PodMonitor vs ServiceMonitor what is the difference? #3119

mandreasik · 2020-04-03T14:28:51Z

Hi, I'm new to prometheus-operator and I do not see difference between ServiceMonitor and PodMonitor.

Documentation describes them as:

ServiceMonitor, which declaratively specifies how groups of services should be monitored. The Operator automatically generates Prometheus scrape configuration based on the definition.

PodMonitor, which declaratively specifies how groups of pods should be monitored. The Operator automatically generates Prometheus scrape configuration based on the definition.

But this does not explain when to use particular one.

I played with them a little bit. Both of them use selector rules to find pods.

So you can either define PodMonitor that search for pods with eg. label app: myAPP, or if your app is behind service that is labeled eg. app:myAPP, you create ServiceMonitor that will scrape metrics from all pods in service with this label. Both of them will produce the same result in prometheus target tab in prometheus UI.

So I would really appreciate if someone will explain to me when one should use PodMonitor and when ServiceMonitor?

pgier · 2020-04-03T15:49:06Z

I think ServiceMonitor should be the default choice unless you have some reason to use PodMonitor. For example, you may want to scrape a set of pods which all have a certain label which is not consistent between different services.

There is some helpful discussion in the original podmonitor issue #38, but I agree that the docs could be improved here.

brancz · 2020-04-07T15:12:28Z

The way I see it, ServiceMonitors are the perfect fit if you already have a Service for your pods anyways. However, if it doesn't make sense for other reasons to have a Service for your component, then the PodMonitor is the right choice. It's essentially about avoiding (failure prone) duplicating pod label selectors when possible.
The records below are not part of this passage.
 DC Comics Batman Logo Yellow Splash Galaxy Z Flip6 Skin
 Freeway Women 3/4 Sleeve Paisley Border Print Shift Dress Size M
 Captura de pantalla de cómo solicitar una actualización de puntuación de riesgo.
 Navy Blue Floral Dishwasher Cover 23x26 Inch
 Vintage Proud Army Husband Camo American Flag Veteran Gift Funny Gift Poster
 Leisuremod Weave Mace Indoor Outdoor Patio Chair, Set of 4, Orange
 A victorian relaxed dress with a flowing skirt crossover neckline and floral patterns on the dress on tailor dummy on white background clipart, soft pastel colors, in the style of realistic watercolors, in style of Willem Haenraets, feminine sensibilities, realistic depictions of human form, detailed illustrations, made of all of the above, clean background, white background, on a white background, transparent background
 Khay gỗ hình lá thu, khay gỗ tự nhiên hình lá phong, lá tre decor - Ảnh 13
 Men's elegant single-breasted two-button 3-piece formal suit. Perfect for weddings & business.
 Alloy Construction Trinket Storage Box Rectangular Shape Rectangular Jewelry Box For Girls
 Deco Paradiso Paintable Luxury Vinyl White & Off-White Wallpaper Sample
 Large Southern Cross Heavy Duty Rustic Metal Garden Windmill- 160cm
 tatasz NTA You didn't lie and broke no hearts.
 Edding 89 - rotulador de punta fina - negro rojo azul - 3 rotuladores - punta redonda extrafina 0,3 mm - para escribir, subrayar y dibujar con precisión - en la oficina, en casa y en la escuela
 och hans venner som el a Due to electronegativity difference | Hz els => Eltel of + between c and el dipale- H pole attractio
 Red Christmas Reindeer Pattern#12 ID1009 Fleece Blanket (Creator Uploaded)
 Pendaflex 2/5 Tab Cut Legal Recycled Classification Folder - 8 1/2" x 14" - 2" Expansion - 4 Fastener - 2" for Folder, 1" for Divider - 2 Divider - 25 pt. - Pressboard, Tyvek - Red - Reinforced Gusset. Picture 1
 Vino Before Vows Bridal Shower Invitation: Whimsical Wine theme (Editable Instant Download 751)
mandreasik · 2020-04-08T08:48:17Z

@pgier @brancz Thank you for the explanation :) (now it's more clear to me when to use them)

I hope this issue will help other prometheus-operator newbies understand this matter better :)

winningjai · 2020-05-19T08:02:00Z

@pgier @brancz,
I have a doubt about this.

Consider I need to collect metrics from all the pods under a particular service. What I need to prefer PodMonitor or ServiceMonitor.
If I used ServiceMonitor, will Prometheus server scrape all the nodes under the service or it will scrape just the service endpoint alone.

Thanks in advance for your time.

brancz · 2020-05-20T11:13:35Z

It will scrape all pods behind the service, because the Service maintains an Endpoints object. That's where Prometheus discovers the targets from.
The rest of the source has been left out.